Weapons: I would imagine for imperial personnel he would only have access to a basic laspistol. However his greedy thieving nature means he could have just about picked up anything. Whether he knows how to use it is a different matter....

What happens to him: I could imagine him being one of the few reasons the survivors do not give up hope in the beggining. I think it would be ace if he died to something nurglish. In particular a deadly plaque rather than a daemon just so that for one of the only times in his life he could express fear, great fear. Then explode in a shower of flies singing glory to papa nurgle.


----------



## C'Tan Chimera (Aug 16, 2008)

Anything more then 2 SMs and it becomes instant killjoy. There's just something about having an 8 foot man with 2 hearts, embedded armor, super strength and super intelligence that takes any excitement, tension or adventure out of an epic sci-fi.


----------



## Xela (Dec 22, 2010)

When will we know the 'finalists' for the story Karak?


----------



## Akatsuki13 (May 9, 2010)

Stephen_Newman: Not bad. But I do have some suggestions as to how to make it a little better if you want to hear it.

I also have some suggestions and ideas for some of the other characters should anyone wish to hear them.


----------



## Karak The Unfaithful (Feb 13, 2011)

Stephen_Newman I will go for your civilian character if thats not too much to ask. I think I can't have too many space marines because its kinda a story of survival and a superhuman with enough strength to take your head ruins it just a little bit. Ok and by the way it is a black ship.


----------



## Akatsuki13 (May 9, 2010)

Stephen_Newman: Oh, one thing I forgot. Unless your guy is a member of the ship's armsmen (a common term for the armed security forces of the ship) he would only be armed with at most a knife and possibly concealed a stubpistol or stub revolver. (a gun that uses normal bullets) Most weapons, especially firearms, would be heavily restricted among the crew. In fact, most characters would actually have their guns, grenades and explosives confiscated upon coming on board. Only select individuals would be allowed to keep them but definitely the IG characters and the SoB character (unless she is apart of a detachment of them guarding the psykers in the Black Ship's holds) would have their firearms taken long before the incident happens and would have first recover them from the armory.

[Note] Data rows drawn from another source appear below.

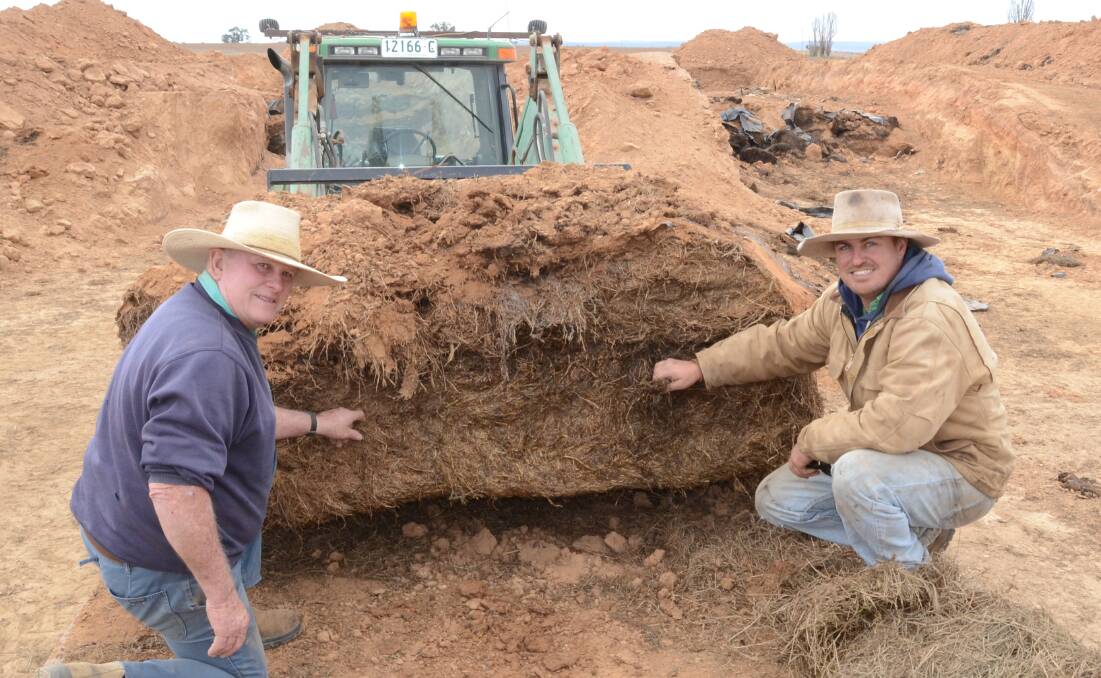 Brian Bowman and son, Andrew inspect the bales of rye grass and lucerne hay just dug out of a silage pit Mr Bowman put in at "Shingle Hut", Dunedoo, when Andrew was just 10 years of age in 1996.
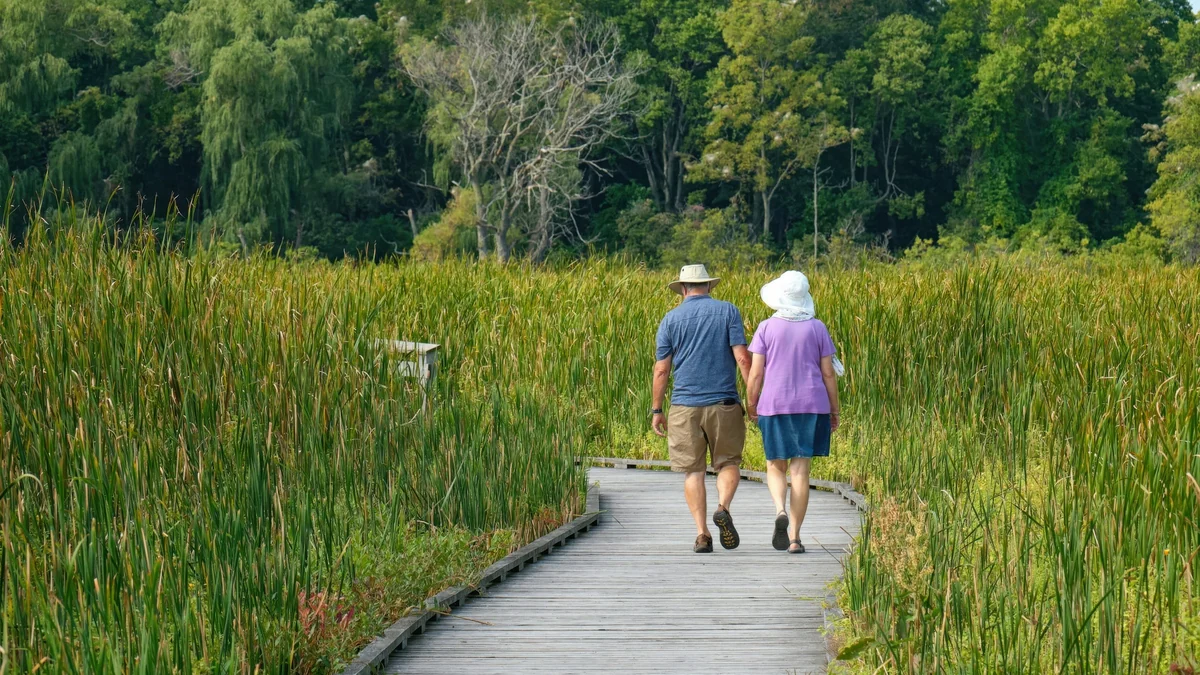 Older couple walking together on a boardwalk through a green field
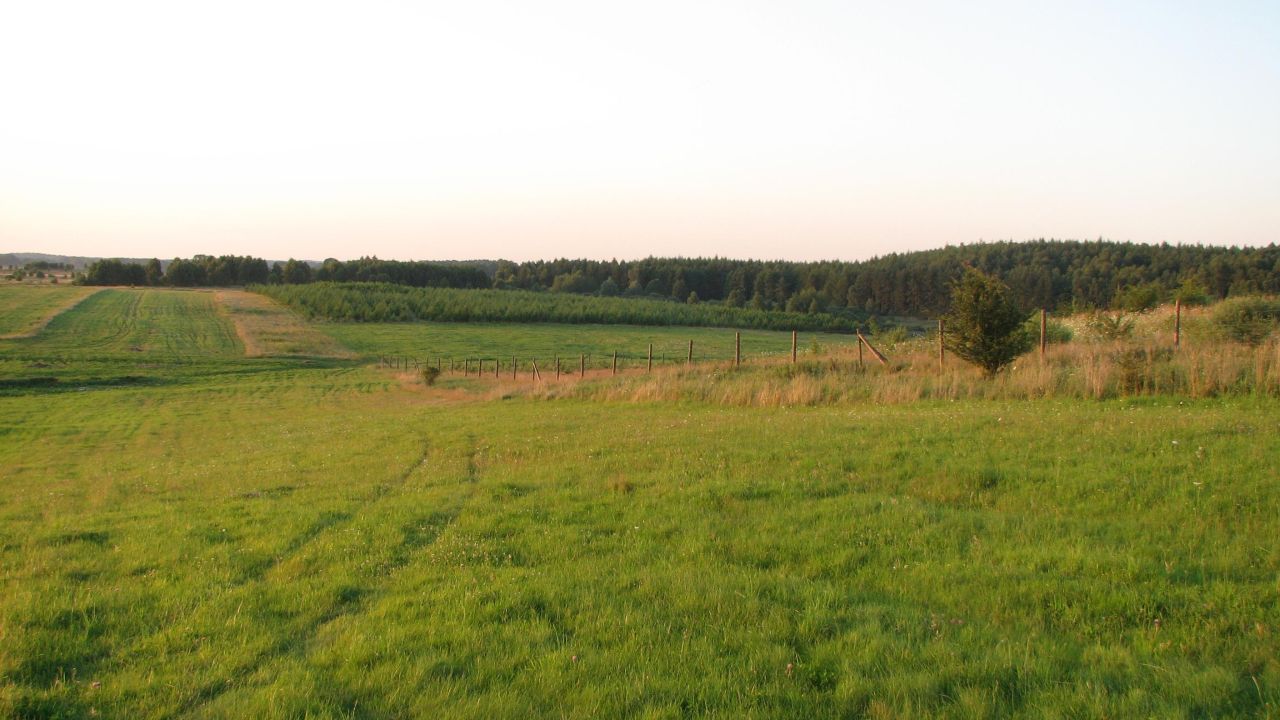 Działka siedliskowa Biała. Zdjęcie 6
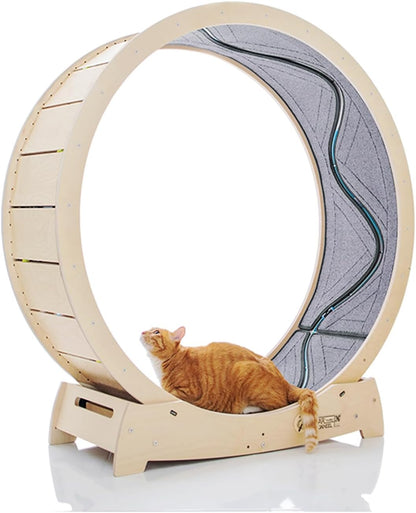 Star Cat Wheel, Cat Treadmill, Exercise Wheel for Running, Spinning, Scratching, and Climbing for Indoor Cats, Premium Birch Wood, Eco-Friendly, Moving Fish, Wide Running Track, 47.2 inch XL Size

I'm not too sure about sure about if a SM would have to or even if the crew would be willing to even try or if the SM would hand is firearm over as it is normal policy. Oh, and keep in mind that Plasma weapons do overheat from continuous use without pausing to let it cool down.


----------



## Karak The Unfaithful (Feb 13, 2011)

Here is the first chapter, feel free to comment. please note that not all the characters are in this chapter, I wil bring them along in Chapter 2.


*Chapter I: The Terror within*

Somewhere in the vast emptiness of space, close to the great warp storm known as the eye of terror, a Black inquisitorial ship The Seven winds of Terra, a tiny dot in a black ocean. While in another universe where time and space do not matter, cold eyes watched this ship with great interest.

“Remind me again captain, why have we stopped?” Inquisitor Koth asked Captain Algen, his dull eyes not focused on anything in particular. “I told you Inquisitor, one of the crew went mad and attacked the engine,” replied Captain Algen. Inquisitor Koth was the only inquisitor aboard The Seven winds of Terra, he was dressed in flowing dark robes and beautiful belt was round his waist from which many strange objects hung not to mention the lack of hair. Algen, a short man with a grey beard and messy grey hair wearing his uniform, which was kept in surprisingly glorious condition. Both of them were stood in the main control bridge of the ship while the rest of the crew were hard at work. “So captain, is it serious damage?” Asked the inquisitor, “no, not at all in fact it shouldn’t take long to repair. I haven’t got any idea what might be wrong with him.” Said the captain quite causally, Algen then turned to face the crew. “Sergeant Hutchinson!” boomed the captain across the control bridge. Sergeant Tainith John Henry Hutchinson walked towards the captain and saluted. “Sergeant, I want you to question the rouge crew member and find out what’s going on, take another guardsman with you” said Algen in his best voice of importance. “Yes sir” said the guardsman and he turned and walked away. The captain then turned to meet the Inquisitor’s eye “these guardsmen are meant to be for security, in case of renegades because we are so close to the eye”. “Yes, the last thing we need it heretics boarding our ship and taking away potential psykers” said Koth, without much emotion. With that Mercutio Atellus, member of Adeptus Mechanicus stepped onto the control bridge. “Greetings inquisitor Koth and Captain Algen, I heard you had some trouble with one of your crewmates.” “Fear not, there is no longer a problem. The Captain has just dealt with it” Replied Inquisitor Koth. “Good, I wish to see we get there as soon as possible, I have much work to attend to” Mercutio said.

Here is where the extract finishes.